The front doors of Lake View High School

1. The Real Problem with Chicago’s Shrinking Population : Chicago’s population has been declining slowly. The true importance of this problem appears when you examine who is leaving the city and why.

Since the early ’80s, [Black folk] in South and West Side neighborhoods have been steadily leaving the city, resettling at first largely in the Cook County suburbs. But over the past 15 years, more and more have been leaving the area entirely for northwest Indiana, Iowa’s Quad Cities, and Sun Belt states, says Alden Loury, the director of research and evaluation at the Metropolitan Planning Council.

2. Illinois Struggles To Expand Charter Schools Despite Giant Pot Of Federal Money : The state has plenty of money for privately-run charter expansion, but they’re not spending it. Why isn’t there funding for our public schools?

Illinois is waiting to hear from Washington about whether it could lose as much as half its $42 million grant — and has been operating under the assumption that it will, the State Board of Education said in a grant report submitted to the federal government in April.

3. The Broken Promises of Choice in New York City Schools : The New York Times investigates how New York City’s public high school application process and the illusion of school choice has panned out after 14 years.

But school choice has not delivered on a central promise: to give every student a real chance to attend a good school.Fourteen years into the system, black and Hispanic students are just as isolated in segregated high schools as they are in elementary schools — a situation that school choice was supposed to ease.

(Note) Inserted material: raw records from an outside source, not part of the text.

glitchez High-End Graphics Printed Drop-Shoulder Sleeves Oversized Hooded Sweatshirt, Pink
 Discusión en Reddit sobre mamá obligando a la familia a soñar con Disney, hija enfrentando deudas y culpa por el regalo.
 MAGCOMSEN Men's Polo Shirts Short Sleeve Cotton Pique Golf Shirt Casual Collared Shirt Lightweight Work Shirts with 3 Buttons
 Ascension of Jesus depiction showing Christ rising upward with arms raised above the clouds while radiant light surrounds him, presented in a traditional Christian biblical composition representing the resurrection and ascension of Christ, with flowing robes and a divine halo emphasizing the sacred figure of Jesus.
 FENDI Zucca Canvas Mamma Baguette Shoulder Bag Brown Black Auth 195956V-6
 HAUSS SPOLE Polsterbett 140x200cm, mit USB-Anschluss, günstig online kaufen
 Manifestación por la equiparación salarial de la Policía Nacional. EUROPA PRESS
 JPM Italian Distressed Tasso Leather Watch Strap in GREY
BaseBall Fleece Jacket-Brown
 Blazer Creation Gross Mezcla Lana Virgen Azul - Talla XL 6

4. Reviving Local High Schools: From Last Resort To First Choice : Meanwhile, in Chicago, some parents are pushing back against city policies that frame neighborhood high schools as a “Plan B” for students.

“The neighborhood schools around the city, you know there’s great things happening at them and that’s been happening for many, many years,” Smolensky said. “It’s just that the perceptions – for some deserved and a lot of undeserved reasons because of incidences that maybe happened 20 or 30 years ago – just stuck and that’s not what’s happening. These are really great environments for learning.”

5. Tax Big Companies, Dip Into TIF Funds To Fill CPS Budget Gap, Aldermen Say : Some aldermen are fed up with waiting for the Mayor to fund public schools, so they’re pushing their own solutions.

Ald. Carlos Ramirez-Rosa (35th) said it was “ridiculous” that Emanuel has twice postponed scheduled briefings for aldermen on how he proposes to keep students in class until the end of the regularly scheduled academic year in spite of the financial crisis that has engulfed the schools. “Rahm either has no plan, or he has kept us in the dark,” Ramirez-Rosa said… “We have to put our grownup pants on.”